Por eso, cuando hablamos de las siete villas y ponderamos las bellezas de su arquitectura, sus propias tradiciones, siempre me siento tentado a emprender el camino y a volver a visitar estas nobles y bellas ciudades de Cuba, que tanta historia y tanta aportación han realizado a la identidad de nuestro pueblo.
En semanas anteriores estábamos recorriendo, visitando la bellísima ciudad de Baracoa; luego nos íbamos inmediatamente a recorrer la Ciudad de Camagüey, no siguiendo un orden pre-establecido, un poco para no aburrirlos a ustedes con una secuencia casi geográfica.
Me interesa más recordar esos momentos que he vivido en cada una de estas ciudades: en Trinidad, por ejemplo, de la cual ya he hablado; en Baracoa, en compañía del Historiador de la Ciudad, Alejandro Hartman.
En Trinidad, no puedo olvidarlo, a Carlos Joaquín Serguera, mi gran amigo ya desaparecido, Macholo, que fue un Titán en la defensa de la Ciudad para ser restaurada.
Carlos Joaquín ha sido el defensor rodilla en tierra de la memoria viva, de los valores intangibles, de la memoria familiar de la historia de la ciudad en su dimensión más auténtica.
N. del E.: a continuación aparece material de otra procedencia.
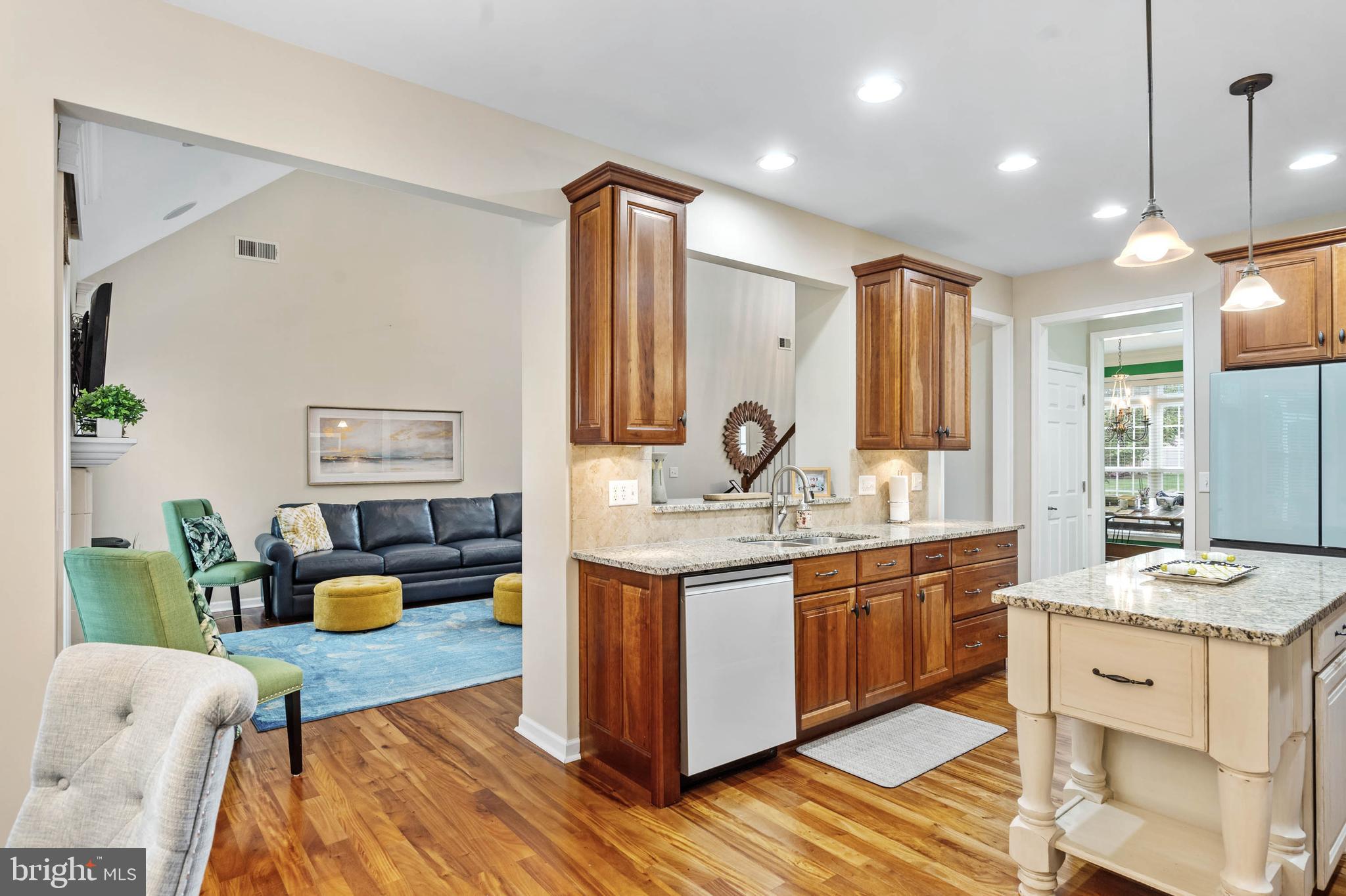 INDEPENDENCE - Residential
Así, una por una fuimos sobrevolando las villas hasta llegar a Santa María del Puerto del Príncipe del Camagüey; recordaba allí con mi querido amigo y colega José, Historiador de aquella ciudad, la noble aportación que la Oficina ha estado realizando con su novedosa y singular estructura para contribuir con la restauración del Centro Histórico, y más que a mover piedras y a recolocar tejas, y a pintar casas o a reconstruirlas también por esos valores que no se tocan – por lo que llamamos lo intangible -, la recuperación de la memoria, la búsqueda ansiosa del perfil que nos identifica dentro de todos los demás como nosotros mismos.
Y eso ha sido la experiencia de Camagüey: mis últimas dos visitas han sido fulminantes, ir a Camagüey para volver el mismo día, salir de La Habana cuando todavía no ha amanecido, estar en Camagüey antes de la hora de almuerzo, la conferencia al mediodía y el regreso a marcha forzada a La Habana; claro, esto es una locura, pero en realidad fue obligado por dos cosas, primero la intensidad del trabajo aquí y segundo, la urgencia de cumplir con ese bello compromiso. A Santiago, sin embargo fui por última vez a visitar el Centro Histórico ya hace más de tres años.
Recuerdo vividamente la conferencia y el homenaje a Carlos Manuel de Céspedes en San Lorenzo, cuando en un viaje también relámpago saliendo de La Habana a las primeras luces de la madrugada estábamos llegando a las diez de la mañana a San Lorenzo de Céspedes para volver luego trayendo un poco el espíritu cespediano, que habita no solamente en Bayamo y en Manzanillo, sino también en la Ciudad que conserva en el cementerio de Santa Ifigenia la tumba del Padre de la Patria.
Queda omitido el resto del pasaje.